-- Task objective --
Images are not part of the copy; write out the rest of the data exactly as given.

-- Given entries --
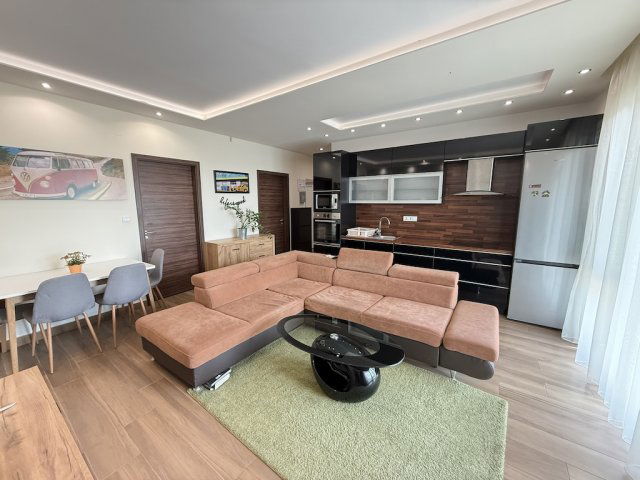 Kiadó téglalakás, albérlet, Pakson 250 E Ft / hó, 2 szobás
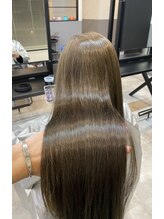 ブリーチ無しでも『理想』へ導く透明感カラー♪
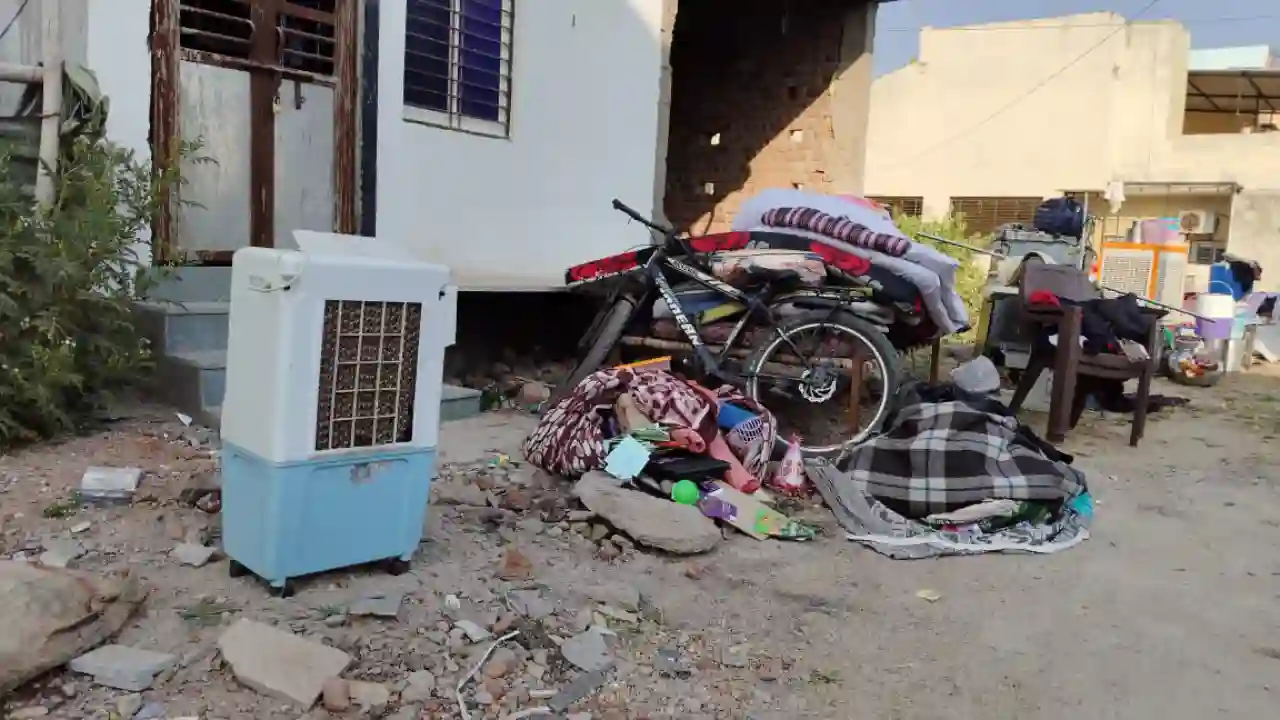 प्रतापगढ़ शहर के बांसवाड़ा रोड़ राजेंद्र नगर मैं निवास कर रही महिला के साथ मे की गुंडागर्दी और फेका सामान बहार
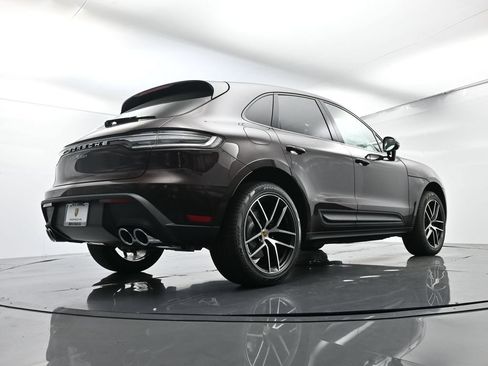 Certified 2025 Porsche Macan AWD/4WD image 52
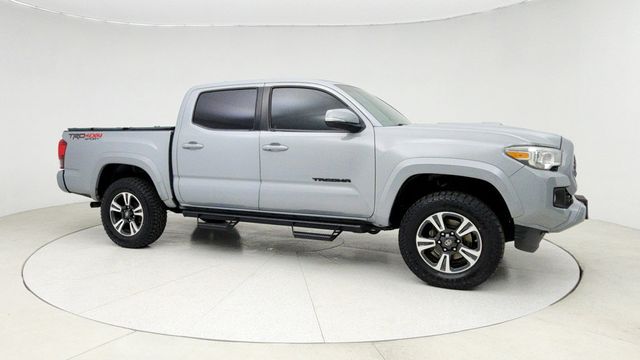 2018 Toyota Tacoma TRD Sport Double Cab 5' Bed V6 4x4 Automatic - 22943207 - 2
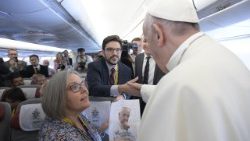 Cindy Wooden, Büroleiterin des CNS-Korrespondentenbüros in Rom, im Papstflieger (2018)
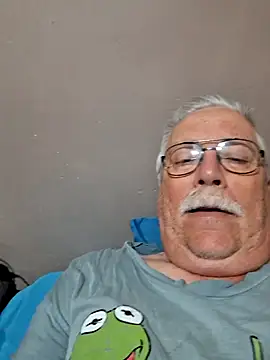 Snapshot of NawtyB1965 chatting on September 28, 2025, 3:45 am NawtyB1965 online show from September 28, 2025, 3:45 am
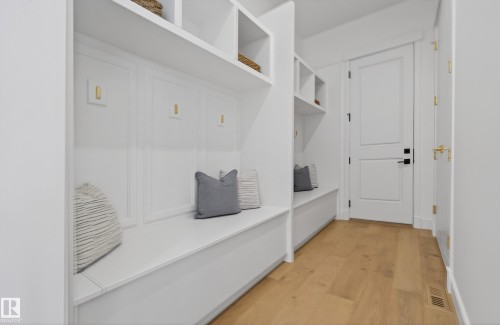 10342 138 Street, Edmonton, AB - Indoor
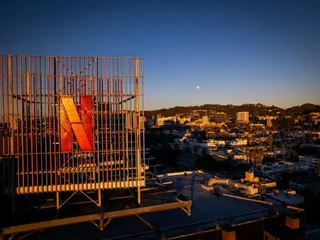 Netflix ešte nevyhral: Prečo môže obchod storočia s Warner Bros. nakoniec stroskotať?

-- Response below --
 Kiadó téglalakás, albérlet, Pakson 250 E Ft / hó, 2 szobás
 ブリーチ無しでも『理想』へ導く透明感カラー♪
 प्रतापगढ़ शहर के बांसवाड़ा रोड़ राजेंद्र नगर मैं निवास कर रही महिला के साथ मे की गुंडागर्दी और फेका सामान बहार
 Certified 2025 Porsche Macan AWD/4WD image 52
 2018 Toyota Tacoma TRD Sport Double Cab 5' Bed V6 4x4 Automatic - 22943207 - 2
 Cindy Wooden, Büroleiterin des CNS-Korrespondentenbüros in Rom, im Papstflieger (2018)
 Snapshot of NawtyB1965 chatting on September 28, 2025, 3:45 am NawtyB1965 online show from September 28, 2025, 3:45 am
 10342 138 Street, Edmonton, AB - Indoor
 Netflix ešte nevyhral: Prečo môže obchod storočia s Warner Bros. nakoniec stroskotať?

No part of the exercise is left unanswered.